A. La prééminence de la sécurité publique sur les attaches familiales
La Cour examine l’argument tiré de l’atteinte disproportionnée au droit au respect de la vie privée et familiale, garanti par l’article 8 de la Convention européenne de sauvegarde des droits de l’homme et des libertés fondamentales. Elle reconnaît l’ancienneté du séjour de l’intéressée, arrivée en France à l’âge de huit ans, ainsi que la nationalité française de ses enfants. Cependant, elle juge que ces éléments ne sont pas suffisants pour faire obstacle à l’expulsion.
La décision est explicite sur la hiérarchie des valeurs appliquée : « compte tenu de la gravité de cette menace », les attaches familiales et la durée de la résidence en France ne peuvent prévaloir.
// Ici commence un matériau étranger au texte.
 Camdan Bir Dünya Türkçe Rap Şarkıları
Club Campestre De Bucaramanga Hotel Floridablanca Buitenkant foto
La Cour considère que « ni la circonstance que Mme A… a vécu en France depuis l’âge de huit ans (…), ni celle que ses enfants sont de nationalité française, ne suffisent à considérer que l’arrêté d’expulsion aurait porté à son droit au respect de sa vie privée et familiale une atteinte disproportionnée ». Cette solution illustre une jurisprudence constante en matière de contentieux des étrangers, où la notion d’ordre public, lorsqu’elle est associée à un risque terroriste, bénéficie d’une considération prééminente dans le contrôle de proportionnalité.
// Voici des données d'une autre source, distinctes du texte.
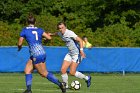 Women's Soccer vs JWU  Wheaton Women's Soccer vs Johnson & Wales University. - Photo by Keith Nordstrom : Wheaton, Soccer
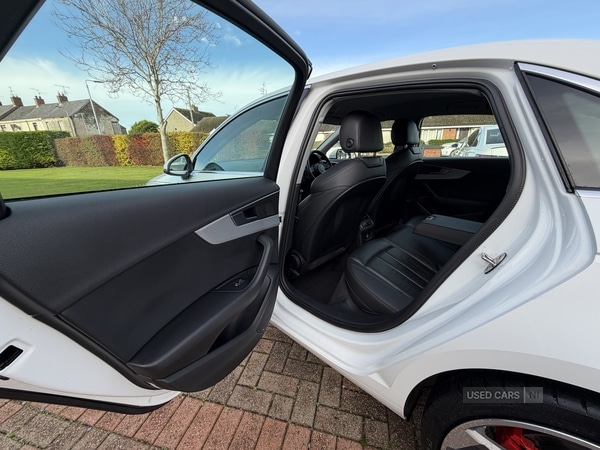 Used Audi A4 2018 for sale - 76486259: Photo 19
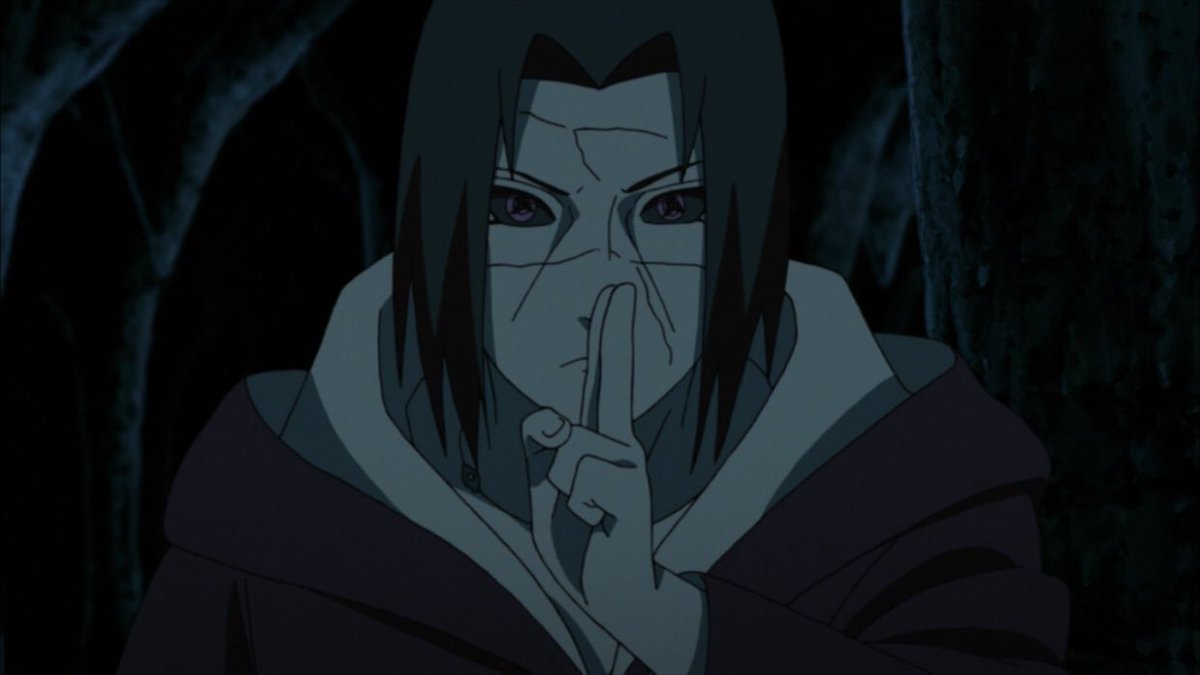 narutoimges's tweet image. Four Hokage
B. La considération atténuée de l’intérêt supérieur de l’enfant
L’arrêt aborde également la question de l’intérêt supérieur des enfants, protégé par l’article 3 de la Convention internationale relative aux droits de l’enfant. La Cour ne nie pas que la mesure d’expulsion affecte les enfants, mais elle estime que cette atteinte n’est pas disproportionnée. Son raisonnement repose sur l’existence d’alternatives pour les enfants, qui peuvent soit suivre leur mère dans son pays d’origine, soit demeurer en France avec leur père, qui est de nationalité française.
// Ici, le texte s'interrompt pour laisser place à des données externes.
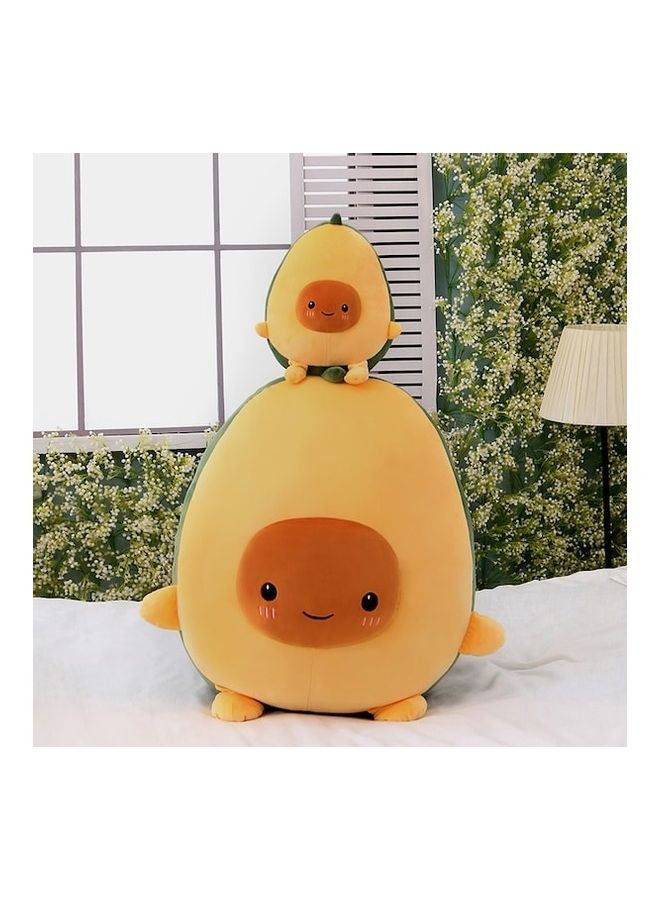 NIBEMINENT Avocado Plush Toy 30x60cm - Image 3
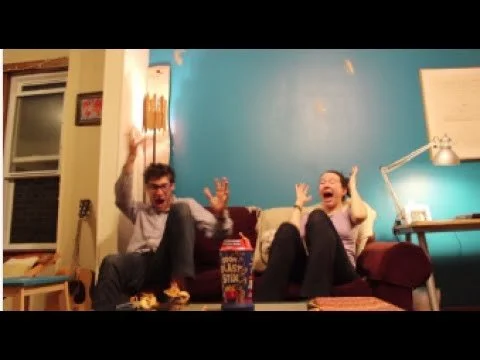 Boom Blast Stix Game, Funny Reactions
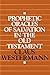 Prophetic Oracles of Salvation in the Old Testament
En outre, la Cour relève que l’intéressée dispose d’attaches familiales dans son pays de destination, où sa mère réside, et qu’elle a déjà voyagé dans ce pays avec ses enfants. Cet élément est utilisé pour minimiser la rupture que représenterait l’expulsion, suggérant une forme de continuité possible pour la vie familiale. La Cour conclut ainsi qu’il n’y a pas d’éléments probants établissant qu’un départ « porterait atteinte à leur équilibre psychique ». L’intérêt supérieur de l’enfant, bien que constituant une « considération primordiale », n’est donc pas interprété comme un obstacle absolu à l’éloignement du parent, surtout lorsque la menace à la sécurité nationale est jugée particulièrement élevée.